There are no concrete tests that can be used to diagnose the symptoms of PMDD but closely monitoring these symptoms can help you determine if you have or are prone to developing PMDD:
Maintain a journal and keep track of your symptoms as they appear. This journal can be presented to a doctor to help them understand more about your symptoms. You can also use apps like Period Tracker to help you keep a track of your symptoms on the go.
This tracking activity can help you see the changes in your cycle and symptoms. With this, you can see how these changes are affecting your daily life. If you’ve previously been diagnosed with a mental health condition, then make sure to relay that information to your physician to help them make an accurate diagnosis.

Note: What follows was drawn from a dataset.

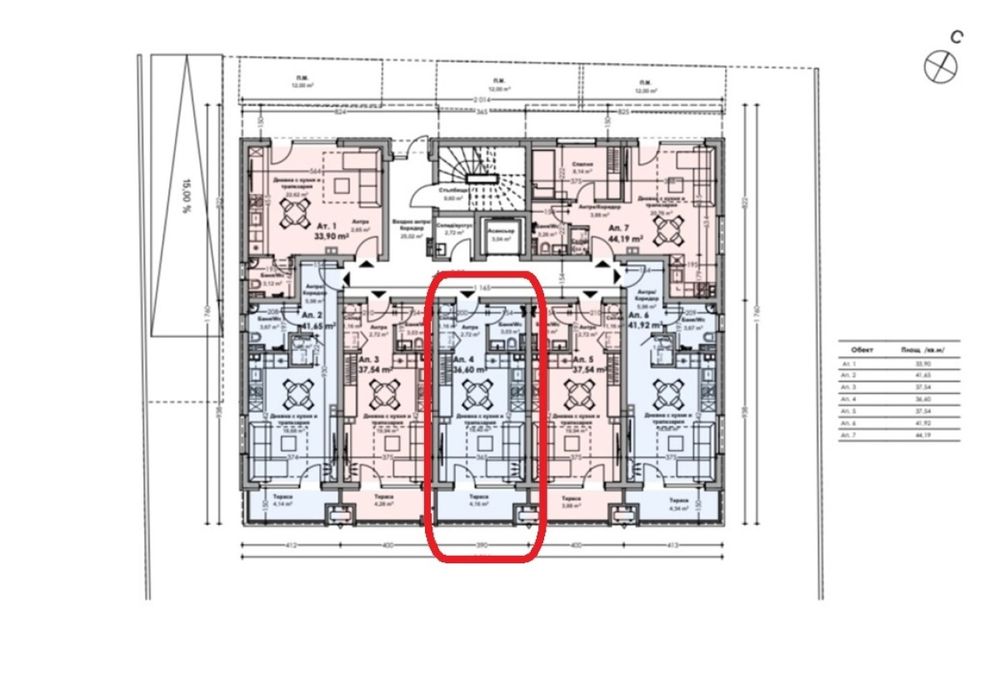 Едностаен апартамент 42,08 кв.м. в Приморско.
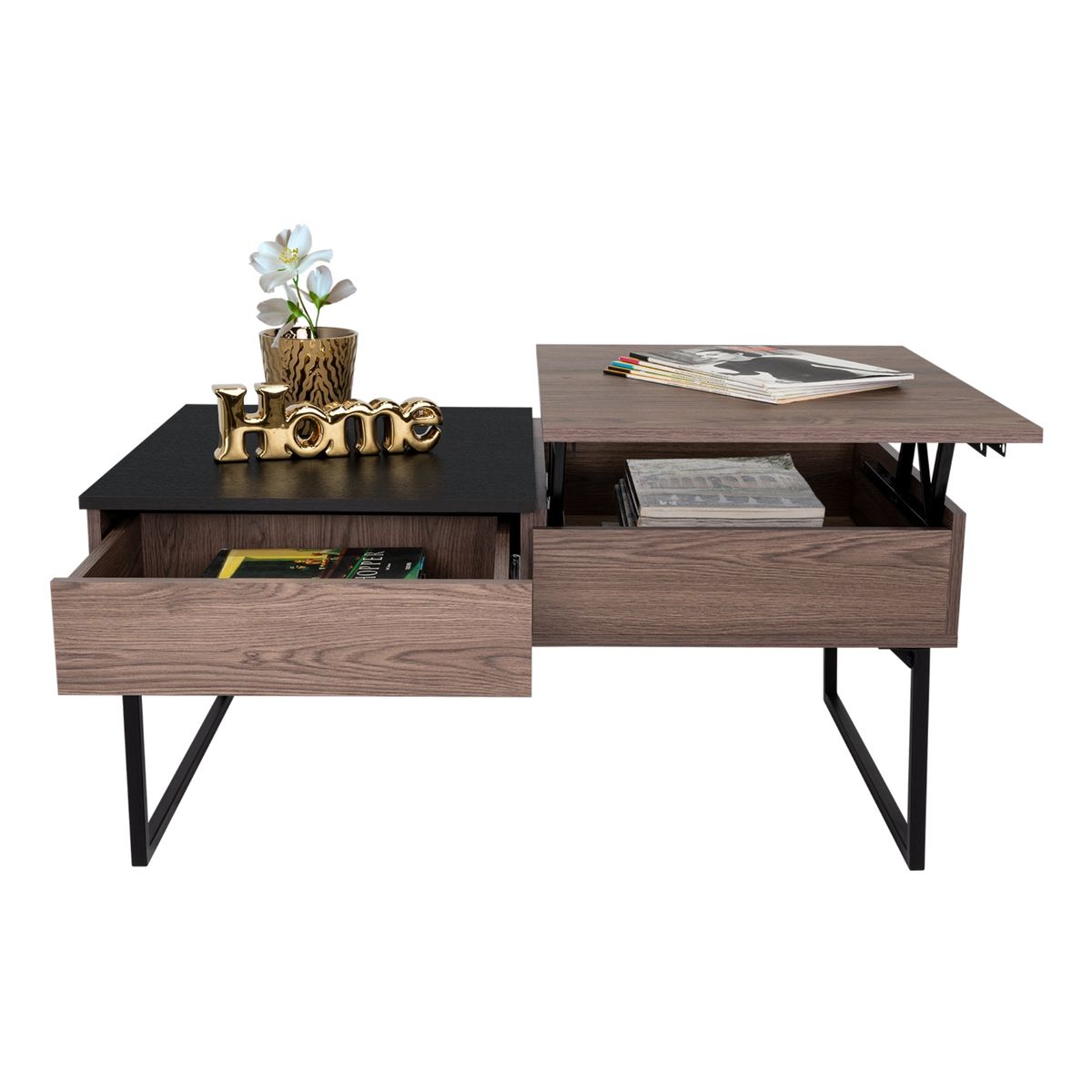 TUHOME - Mesa De Centro 5G Cubierta Elevable Coñac Y Wengue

Pre-existing or underlying mental health disorders can make your symptoms worse.
Women a risk of developing PMDD are:
- Women in their late 20s-early 30s
- Women with a personal history of anxiety or mood disorders
- Women with a family history of premenstrual dysphoria
- Women with chronic stress
Treatment For PMDD
There are no single treatment options to help with the symptoms of PMDD but with the help of lifestyle changes, therapy, and medications, it can be manageable.
1. Lifestyle Changes
By making some adjustments to your daily lifestyle, PMDD symptoms can be managed. You can try:
- Exercising regularly: An intense workout isn’t necessary. Quick and simple exercises like taking a 30-minute walk every day can help.

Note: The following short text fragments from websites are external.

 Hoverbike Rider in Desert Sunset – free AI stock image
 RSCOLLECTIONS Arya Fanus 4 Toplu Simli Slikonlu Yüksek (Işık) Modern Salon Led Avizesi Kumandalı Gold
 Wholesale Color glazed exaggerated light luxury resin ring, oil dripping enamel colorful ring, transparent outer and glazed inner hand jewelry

- Stress management: Avoiding stress isn’t feasible but practicing stress management techniques like deep breathing, relaxation exercises, meditation, yoga, or any other technique of your choice can help.
- Dietary changes: Cutting back on foods and beverages that are high in sodium, caffeine, and alcohol can be beneficial.
- Eat healthily: Foods with fish, carbohydrates, and whole grains can help you increase serotonin in your body. Lack or deficiency of serotonin is one of the main causes of PMDD.
While there is no particular therapy to help with the symptoms of PMDD, you can, however, reach out to a therapist that specializes in cognitive-behavioral therapy (CBT). This therapy can help you change negative and unhealthy behavior and thinking patterns and can help provide healthy coping skills to deal with negative situations and mood swings when they arise.
Certain medications that can help to regulate the symptoms of PMDD are:
- Antidepressants or Selective Serotonin Reuptake Inhibitors (SSRIs)
- Birth control pills
- Over-the-counter medication such as aspirin or ibuprofen
On A Personal Note
Living with PMS can be difficult but living with PMDD can be even more difficult as it can severely interfere with your daily routine. This disorder is something that will eventually resolve once you reach menopause or you stop menstruating. The symptoms of PMDD may evolve or worsen over time but with simple self-help tips, it can be manageable.
Maintaining and keeping a track of your periods and symptoms can be a way to help you get a better understanding of your condition. There may come a time where you might want to try different treatments to find the one best for you and that’s okay and pretty normal.
It can be a frustrating process but don’t hesitate to reach out if you feel your symptoms worsening. Whether to talk about your PMS or your other emotional stress, connecting with a community can help.
You are strong, you are enough, you are a hero!